§ Try it:
If an entry below contains an image, drop the image and retype the rest exactly.
——
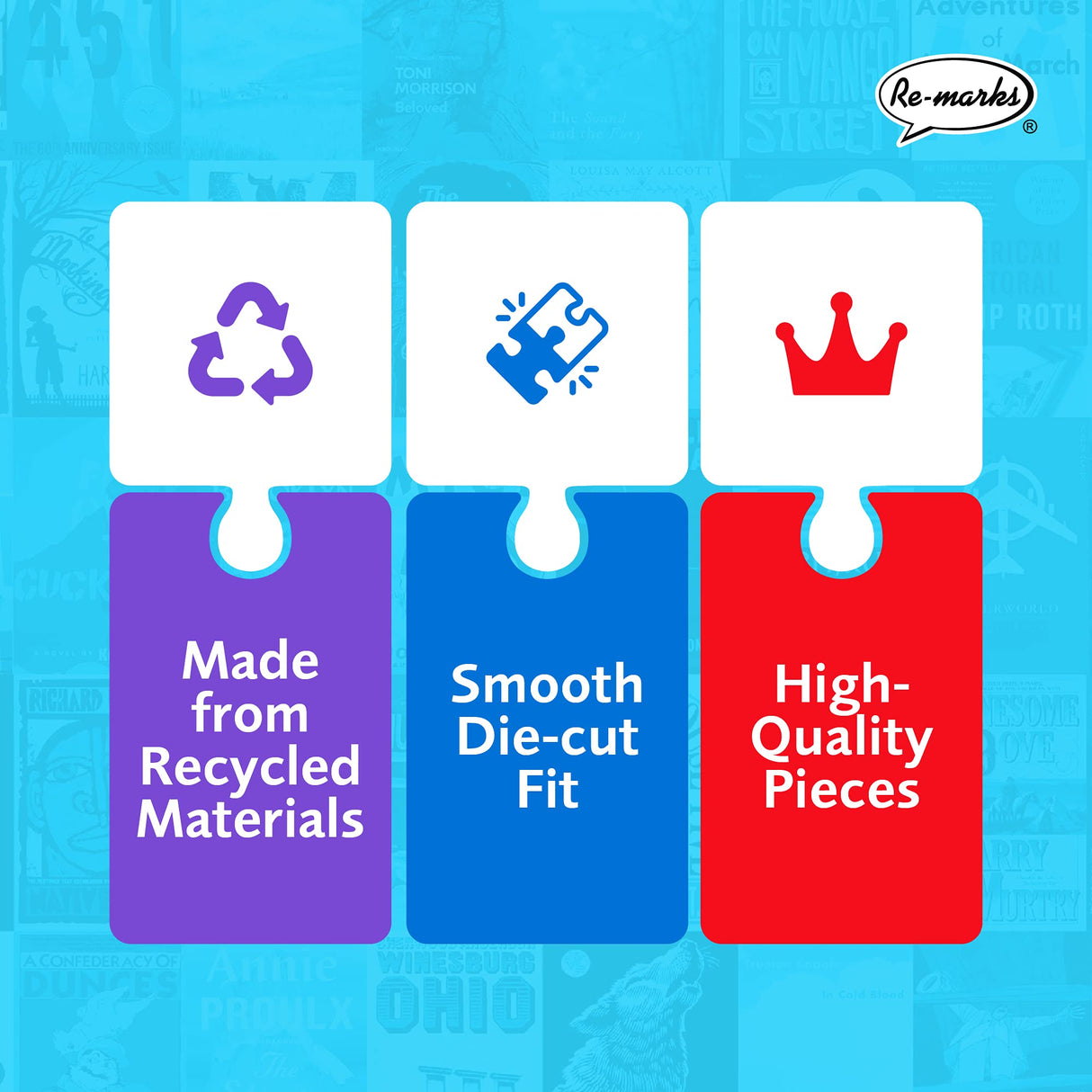 Re-Marks Great American Novels 1000-Piece Puzzle for All Ages, Family Jigsaw Puzzle Re-Marks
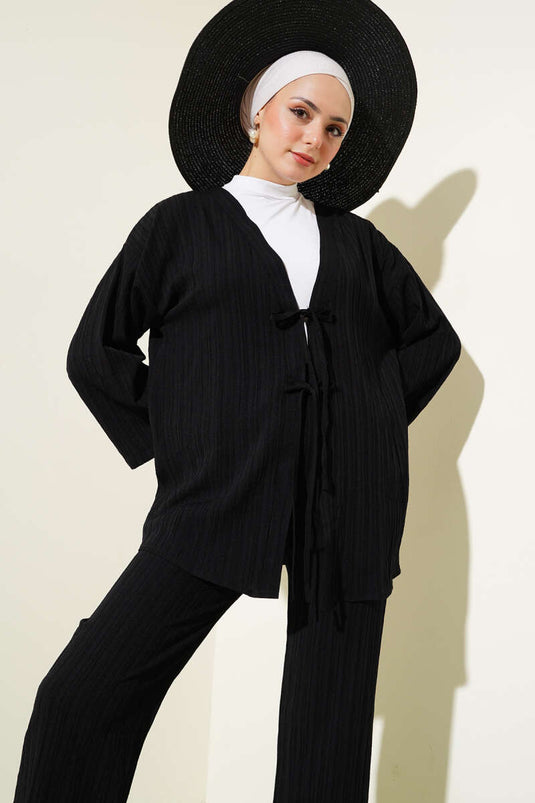 Front Rope Laced Crinkle Two Piece Set Black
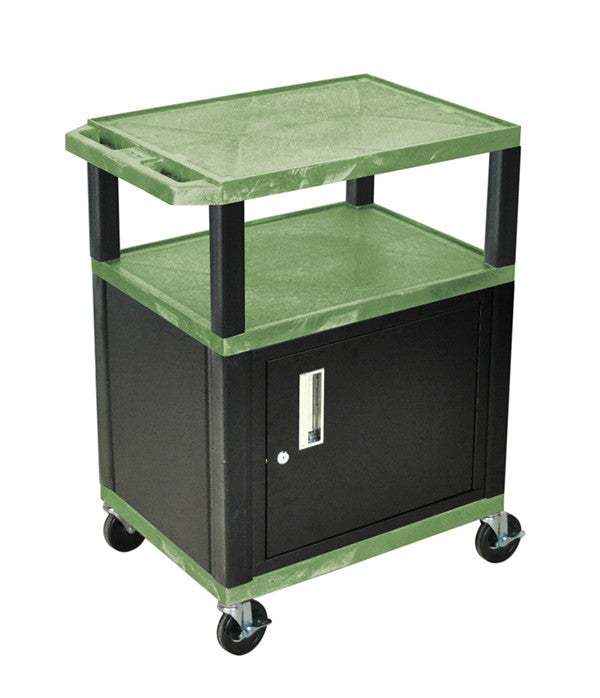 H Wilson Wt34gc2e-b H. Wilson Tuffy Green 3 Shelf Av Cart With Cabinet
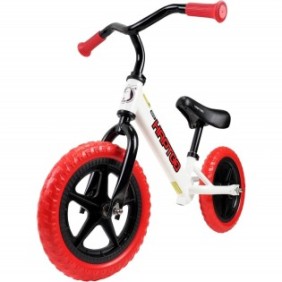 Action One Ready bicicletta senza pedali per bambini, 12 pollici, bianca con rosso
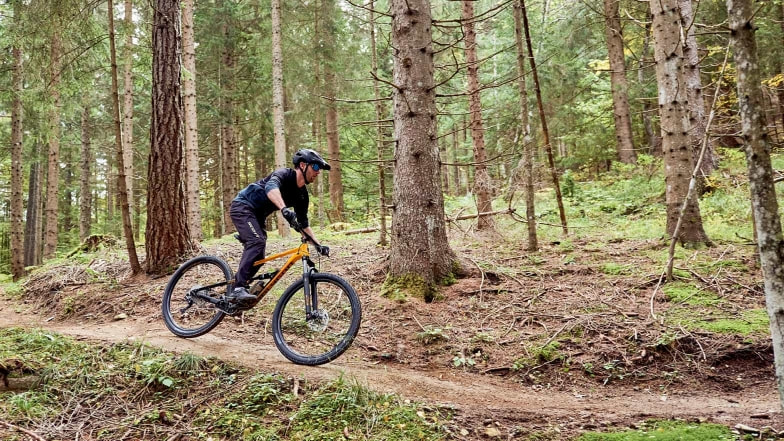 Mountainbiker auf seinem Weg durch den Wald.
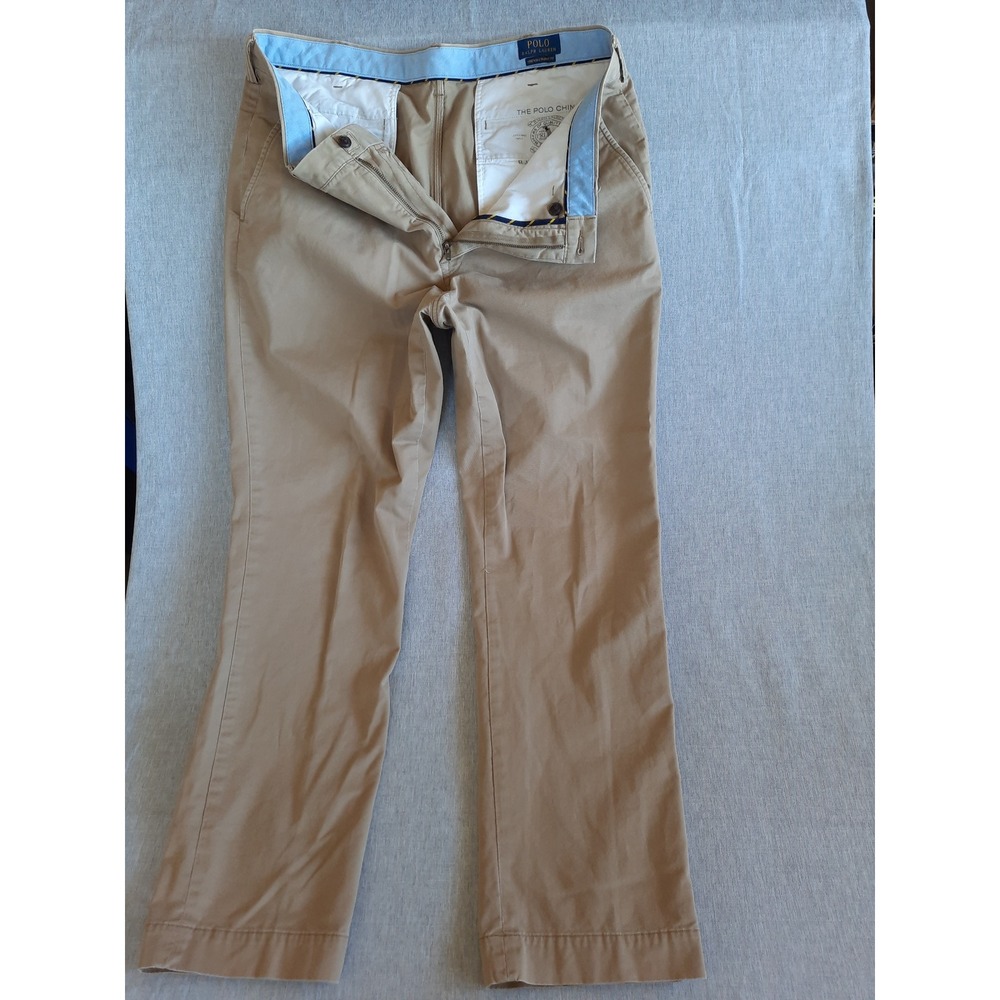 Polo Ralph Lauren Men 38x32 The Polo Chino Classic CottonTwill Pants Solid Lined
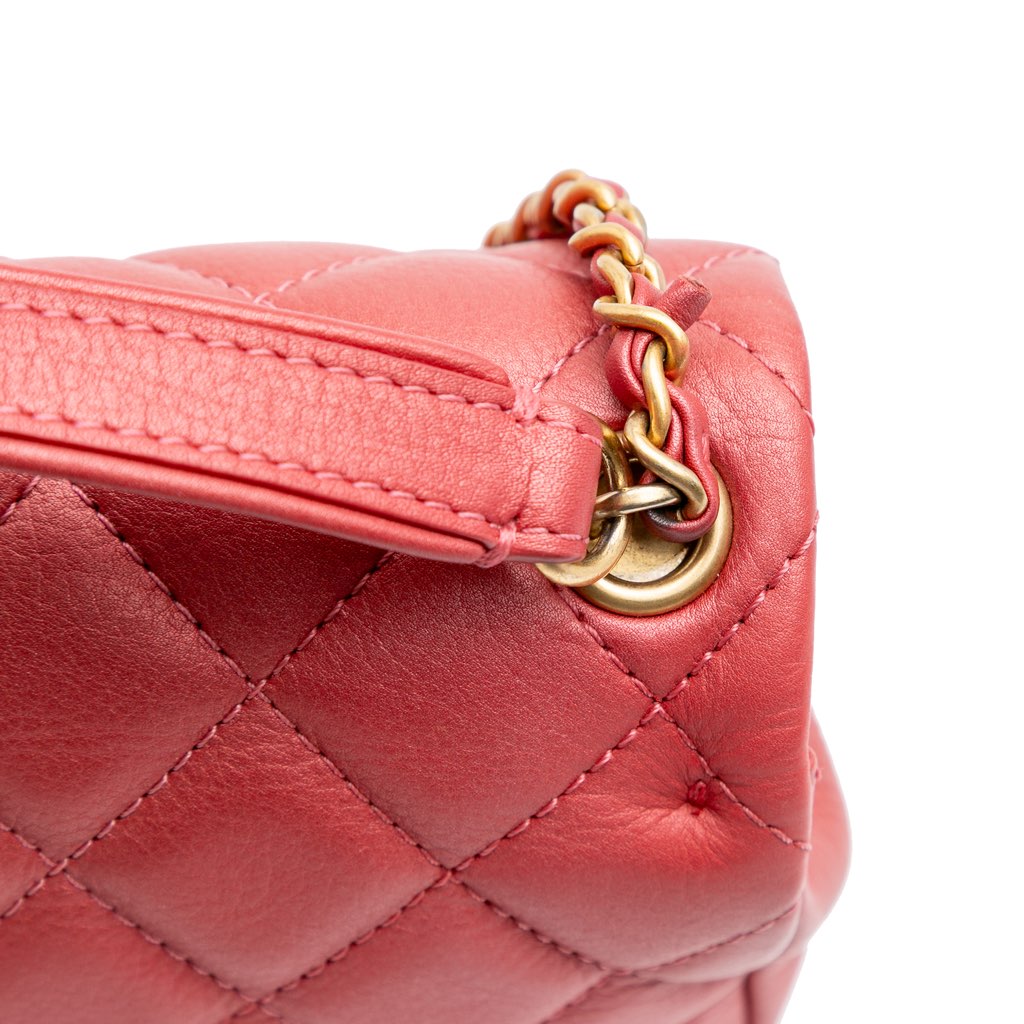 Chanel Quilted Metallic Calfskin Top Handle Flap - Image 11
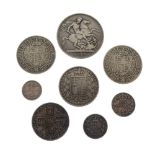 Coins - Group of Victorian coinage to include 1889 Crown (Old Head), three Half Crowns, 1845,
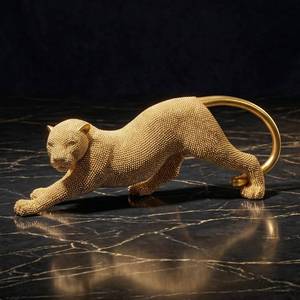 lot 33000 image: Shlinnuo Leopard Statue Home Decor - 15 Inch Gold Cheetah Figurine & Animal Sculpture for Living Room, Shelf, Office - Handcrafted Beaded Modern Table Centerpiece (GoldSilver) - Retail $41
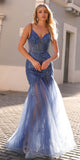Nox Anabel F1467 Long Sweetheart Sleeveless Tulle Mermaid Gown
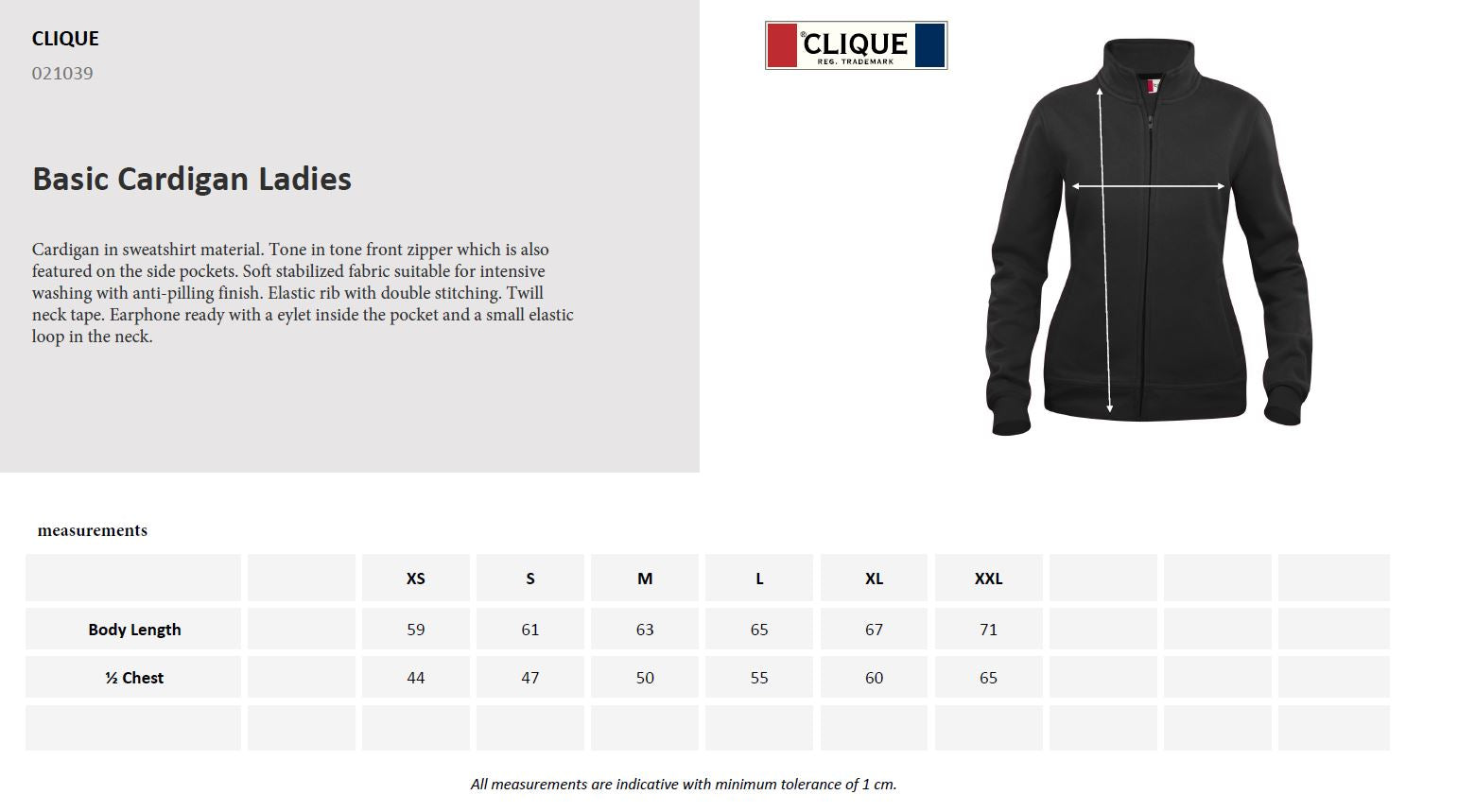 Clique Basic Zip Sweatshirt | Ladies Full-Zip Sweater | Durable | Soft | 9 Colours | XS-2XL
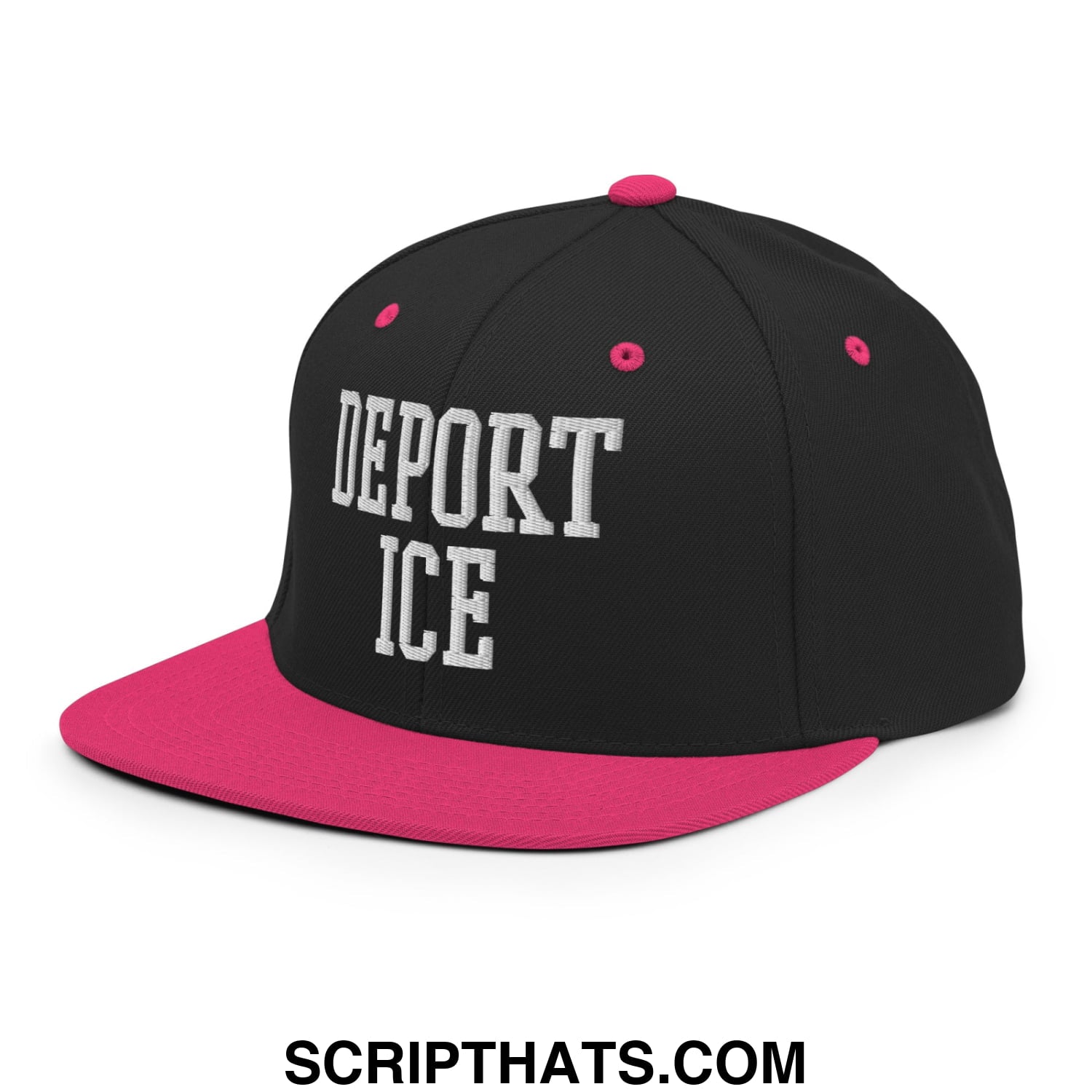 Black and pink flat bill brim snapback hat with white embroidered deport ice text on the front panel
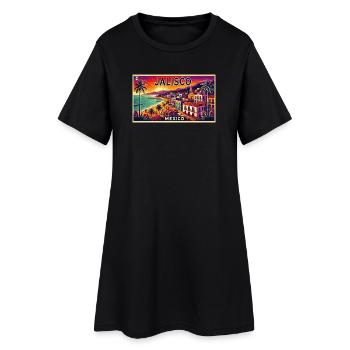 Design de palmier de plage Jalisco Mexico - Robe T-shirt Femme - noir - Devant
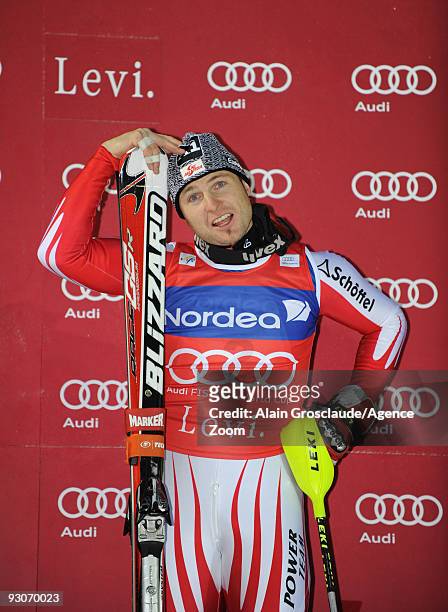 Reinfried Herbst from Austria takes 1st place during the Alpine FIS Ski World Cup Men's Slalom on November 15, 2009 in Levi, Finland.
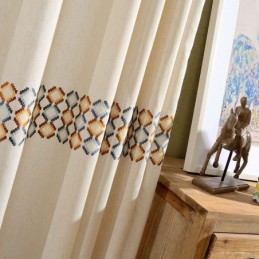 Cotton Linen Blackout Curtain Made to Measure Curtain Nordic Geometric Embroidered For Living Room Bedroom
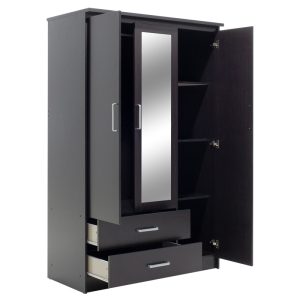 123 000045 4 Wardrobe Olympus pakoworld with 3 doors and drawers+mirror in wenge colour 120x57x183Indoor furniture > Wardrobes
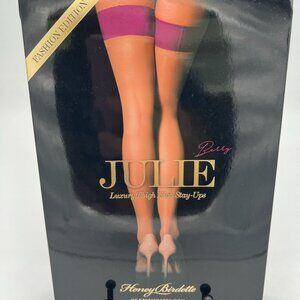 Honey Birdette discontinued Julie luxury thigh high stay-up stockings small rare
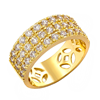 Picture of 3 Row Half Eternity Ring Gold Plated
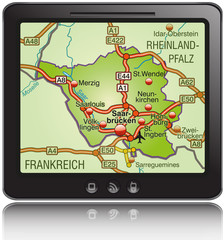 Landkarte von Saarland als Navigationsgerät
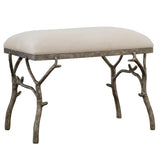 Uttermost Lismore small beige fabric accent bench with cushioned top and wooden legs, ideal for living room or bedroom decor.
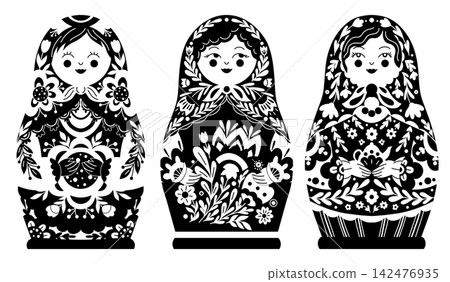 Vector set of black silhouette of matryoshka dolls in folk art style. Monochrome collection of decorative women with ornament. Vector set of black silhouette of matryoshka dolls in folk art style. Monochrome collection of decorative women with ornament. 142476935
——
§ Result:
 Re-Marks Great American Novels 1000-Piece Puzzle for All Ages, Family Jigsaw Puzzle Re-Marks
 Front Rope Laced Crinkle Two Piece Set Black
 H Wilson Wt34gc2e-b H. Wilson Tuffy Green 3 Shelf Av Cart With Cabinet
 Action One Ready bicicletta senza pedali per bambini, 12 pollici, bianca con rosso
 Mountainbiker auf seinem Weg durch den Wald.
 Polo Ralph Lauren Men 38x32 The Polo Chino Classic CottonTwill Pants Solid Lined
 Chanel Quilted Metallic Calfskin Top Handle Flap - Image 11
 Coins - Group of Victorian coinage to include 1889 Crown (Old Head), three Half Crowns, 1845,
 lot 33000 image: Shlinnuo Leopard Statue Home Decor - 15 Inch Gold Cheetah Figurine & Animal Sculpture for Living Room, Shelf, Office - Handcrafted Beaded Modern Table Centerpiece (GoldSilver) - Retail $41
Nox Anabel F1467 Long Sweetheart Sleeveless Tulle Mermaid Gown
 Clique Basic Zip Sweatshirt | Ladies Full-Zip Sweater | Durable | Soft | 9 Colours | XS-2XL
 Black and pink flat bill brim snapback hat with white embroidered deport ice text on the front panel
 Design de palmier de plage Jalisco Mexico - Robe T-shirt Femme - noir - Devant
 Reinfried Herbst from Austria takes 1st place during the Alpine FIS Ski World Cup Men's Slalom on November 15, 2009 in Levi, Finland.
 Cotton Linen Blackout Curtain Made to Measure Curtain Nordic Geometric Embroidered For Living Room Bedroom
 123 000045 4 Wardrobe Olympus pakoworld with 3 doors and drawers+mirror in wenge colour 120x57x183Indoor furniture > Wardrobes
 Honey Birdette discontinued Julie luxury thigh high stay-up stockings small rare
 Picture of 3 Row Half Eternity Ring Gold Plated
 Landkarte von Saarland als Navigationsgerät
 Uttermost Lismore small beige fabric accent bench with cushioned top and wooden legs, ideal for living room or bedroom decor.
 Vector set of black silhouette of matryoshka dolls in folk art style. Monochrome collection of decorative women with ornament. Vector set of black silhouette of matryoshka dolls in folk art style. Monochrome collection of decorative women with ornament. 142476935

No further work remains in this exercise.